The State Bar suggests that consumers be wary of attorneys offering loan modification services under any of the following circumstances:

-Advertisements of the office do not expressly identify by name the attorney who is responsible for the business.

-Office staff will not readily identify by name the attorney responsible for oversight of the business.

-The attorney in charge of the office is too busy or not willing to meet personally with prospective clients.

-The firm advises a consumer to stop paying the existing mortgage.

-The business, through its advertisements or claims of its representatives, makes claims that sound too good to be true, such as claims of a 90 or 100 percent rate of success in obtaining loan modifications, or claims that a reduction in the mortgage principal is likely to be achieved.
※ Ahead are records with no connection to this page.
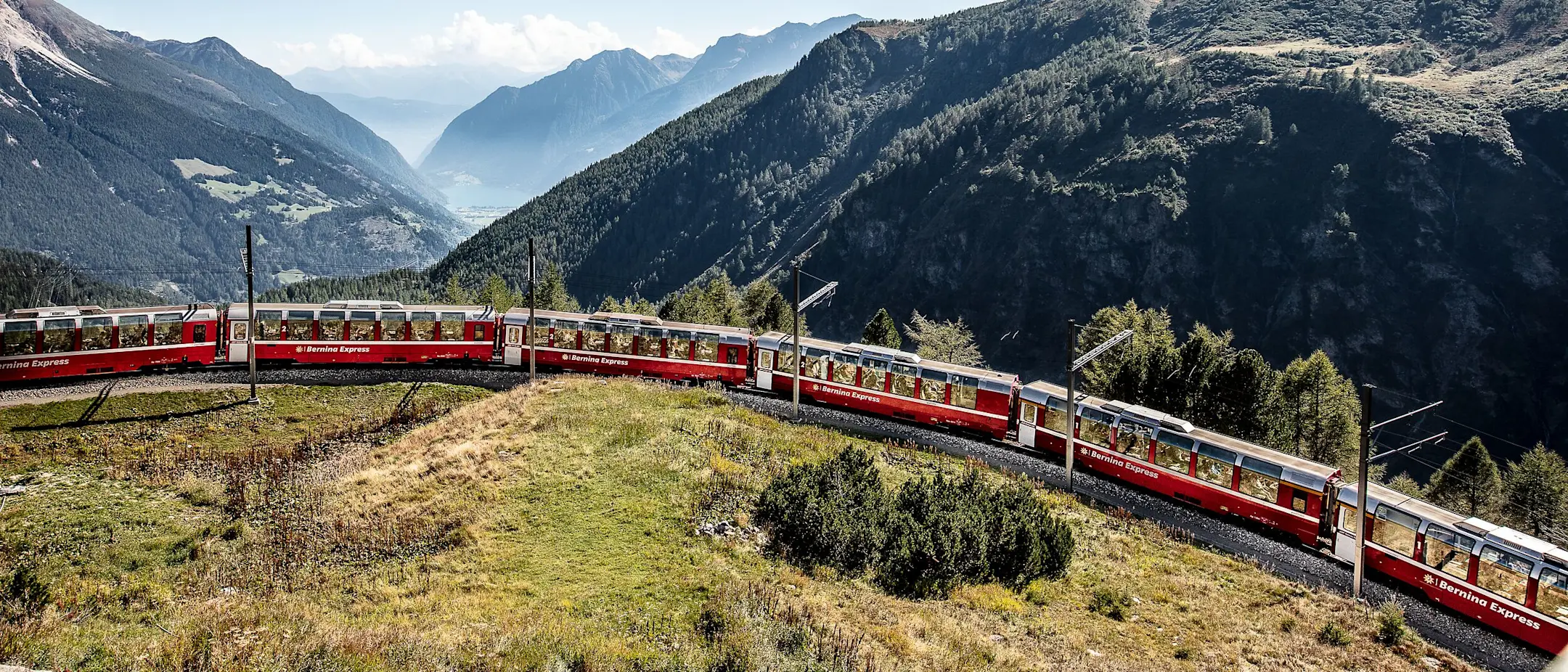 Der Bernina Express fährt bei der Alp Grüm eine Kurve. Im Hintergrund sieht man ins Tal Richtung Val Poschiavo.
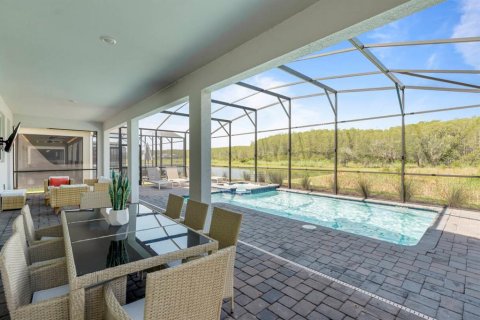 House in Kissimmee, Florida 8 bedrooms, 398.46 sq.m. № 2104178 - photo 11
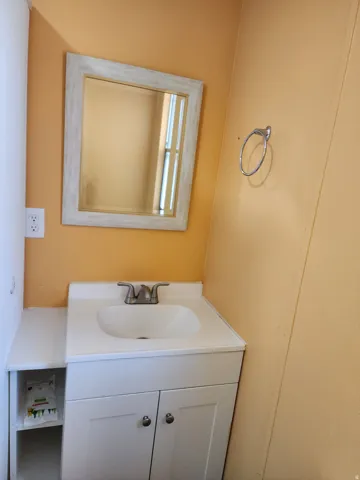White vanity with an integrated sink, brushed nickel faucet, and a framed mirror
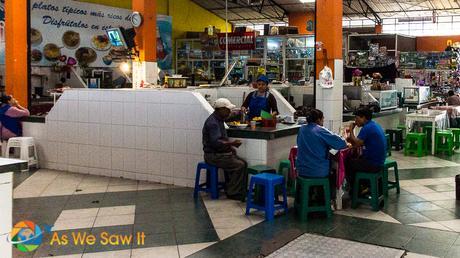 Food stall in Banos mercado, serving local fare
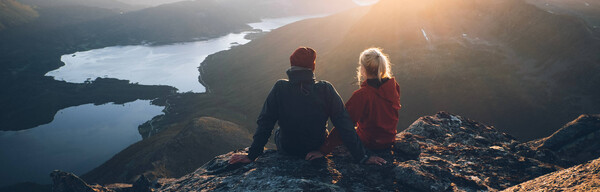 Mies ja nainen istuvat vuoren rinteellä ja katsovat vesimaisemaa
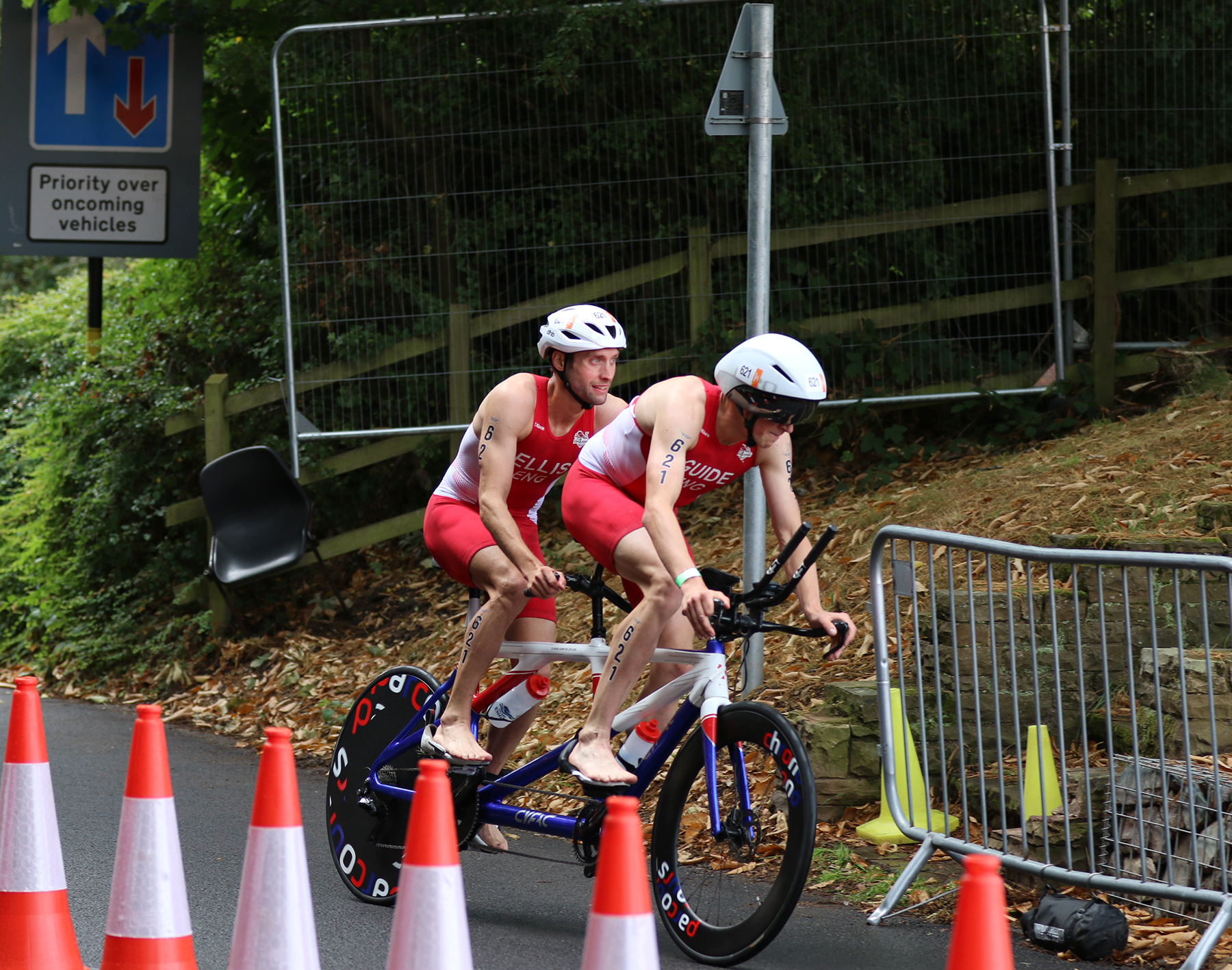 Image shows cyclists and traffic cones going around a corner.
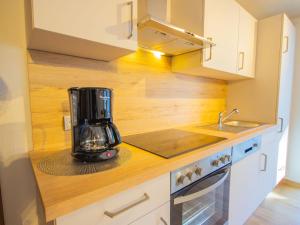Kuchyň nebo kuchyňský kout v ubytování Apartment Gabi by Interhome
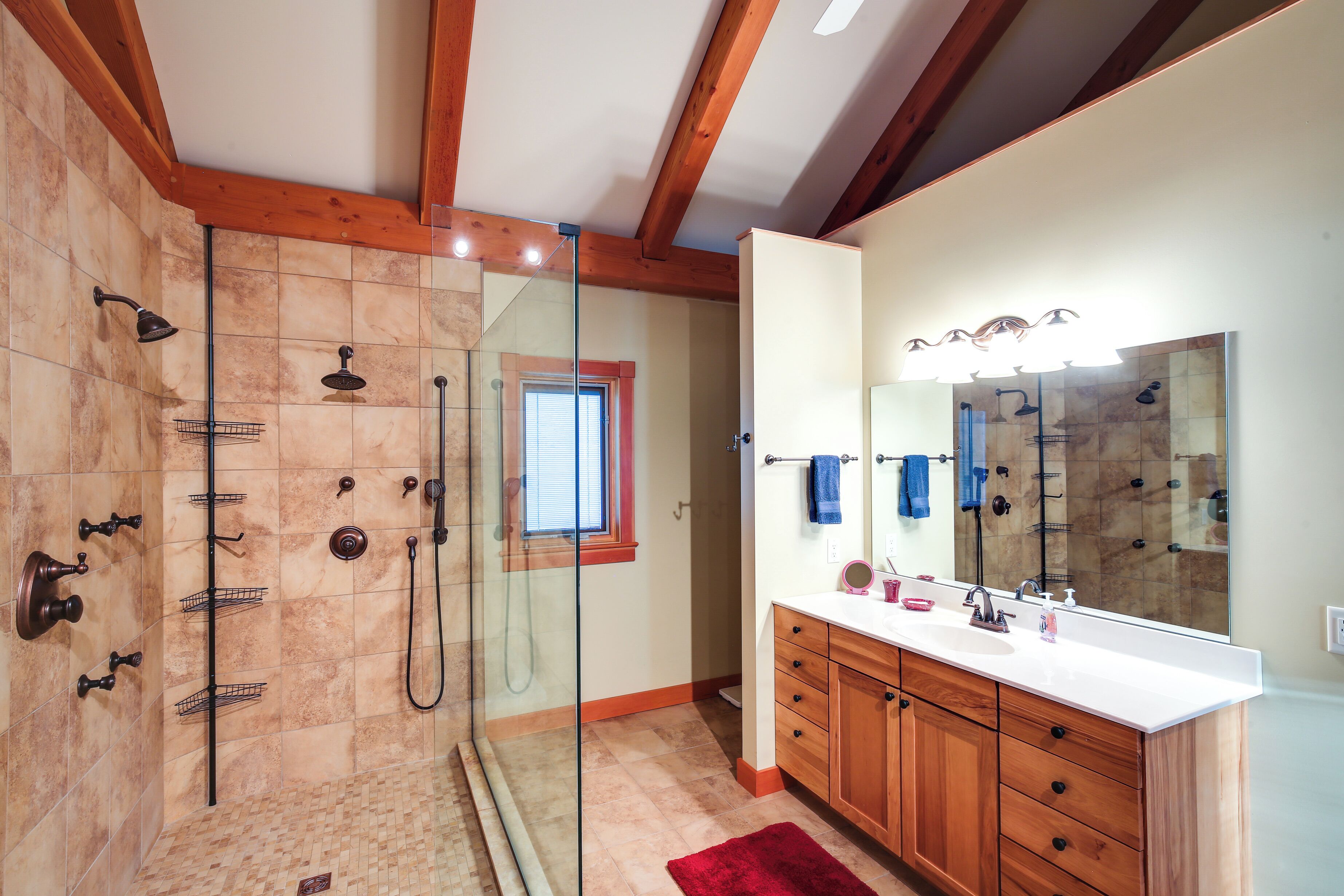 Un baño con ducha envuelta en vidrio, armarios de madera, un espejo grande y un tapete rojo.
-The business demands payment of a large fee, even before obtaining a prospective client’s basic income and expense information, and information about the existing mortgage and present home value.

-The attorney responsible for the business is not licensed to practice law in the state where the consumer resides.

 There are legitimate loan modification services and ethical attorneys that are providing the promised services for their clients. Two places to start in the search for loan modification assistance are: HUD Housing Counselors, 800-569-4287, http://www.hud.gov/counseling; and HOPE NOW, 888-995-HOPE, http://www.hopenow.com.

Consumers can also find qualified attorneys through a State Bar-certified lawyer referral service that can be found on the State Bar’s Web site (www.calbar.ca.gov), or by calling the State Bar’s Lawyer Referral Services Directory at 1-866-442-2529 (toll free in California) or 415-538-2250 (from outside California).

Consumers having a problem with the attorney handling their loan modification may contact the State Bar at 1-800-843-9053 or visit the State Bar’s Web site at www.calbar.ca.gov to find a complaint form. Founded in 1927 by the state legislature, the State Bar of California is an administrative arm of the California Supreme Court, serving the public and seeking to improve the justice system for more than 80 years.